A US$300 million investment from the Canada Pension Plan (CPP) Investment Board will allow British company Octopus to expand its Kraken platform and boosts its valuation to $5 (£3.77) billion.
The investment will also help Octopus push its Fan Club model, an innovative energy tariff that supplies households with electricity from local renewable infrastructure, with discounts when generation is high. Octopus hopes to eventually raise £4 billion to expand the model worldwide and supply 2.5 million households.
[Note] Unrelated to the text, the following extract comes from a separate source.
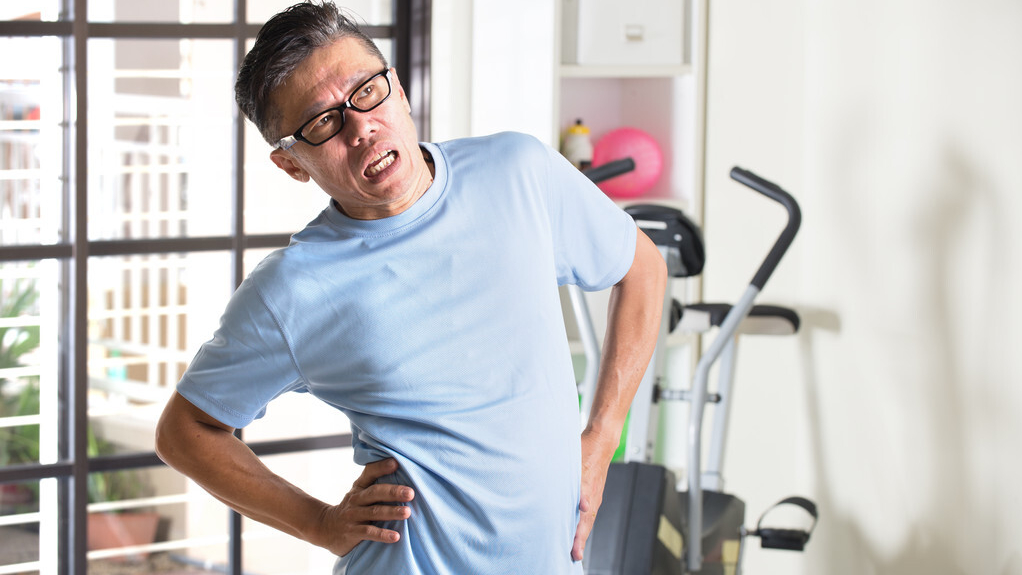 突发性腰部扭伤疼痛应急处理方法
Financing from CPP Investments will fund the installation of 30 more wind turbines, in addition to the two already operational and six previously announced.
The investment from CPP—the second major investment Octopus has won in the last few months—shows the startup is financially robust despite the chaos in Britain’s retail energy market, which has toppled 26 rivals.
Deborah Orida, the global head of real assets at CPP Investments, said the deal with Octopus is “a perfect example of how investors can work with leading tech-enabled energy companies to digitally disrupt the global energy system and support the evolution to a low carbon world.”
Greg Jackson, Octopus founder and chief executive, praised CPP Investments as a “global force in energy investment.”
“Innovating new ways to accelerate investment into the renewable energy revolution is vital to delivering governments’ net zero goals,” goals this partnership supports, he said.
Octopus’ innovation is its proprietary Kraken technology platform, which harnesses machine learning to digitally manage energy supply and electricity generation, enabling the low-cost, flexible and efficient use of renewable energy. It enables Octopus to offer innovative time-of-use energy tariffs, which get cheaper when it’s windy and sometimes even pay consumers to use energy to help balance the grid.
Octopus serves its three million British customers through the platform, which has also been licenced to rivals EDF, E.ON UK and Good Energy and retail suppliers across the world, including in Australia, New Zealand, Japan, Spain, Italy and the US. Collectively, it supports 25 million energy accounts and manages 3GW of renewable assets. Octopus hopes Kraken reaches 100 million customers worldwide by 2027.
To supply these customers, Octopus has a portfolio of 300 renewable energy projects across six countries, generating enough green electricity to power 1.2 million homes.
Founded just six years ago, Octopus has quickly catapulted to a major British energy supplier and renewable generator and one of the country’s most high-profile and successful startups. Its now valued at US$5 billion, just 18 months after it first became a unicorn (a $1/£1 billion startup).
In September, Octopus announced that Al Gore’s Generation Investment Management will pour $600 million (£438 million) into the company to fund the global growth of its green energy solutions. In November, it announced its entry into the Italian energy market, with the acquisition of retailer SATO Luce e Gas.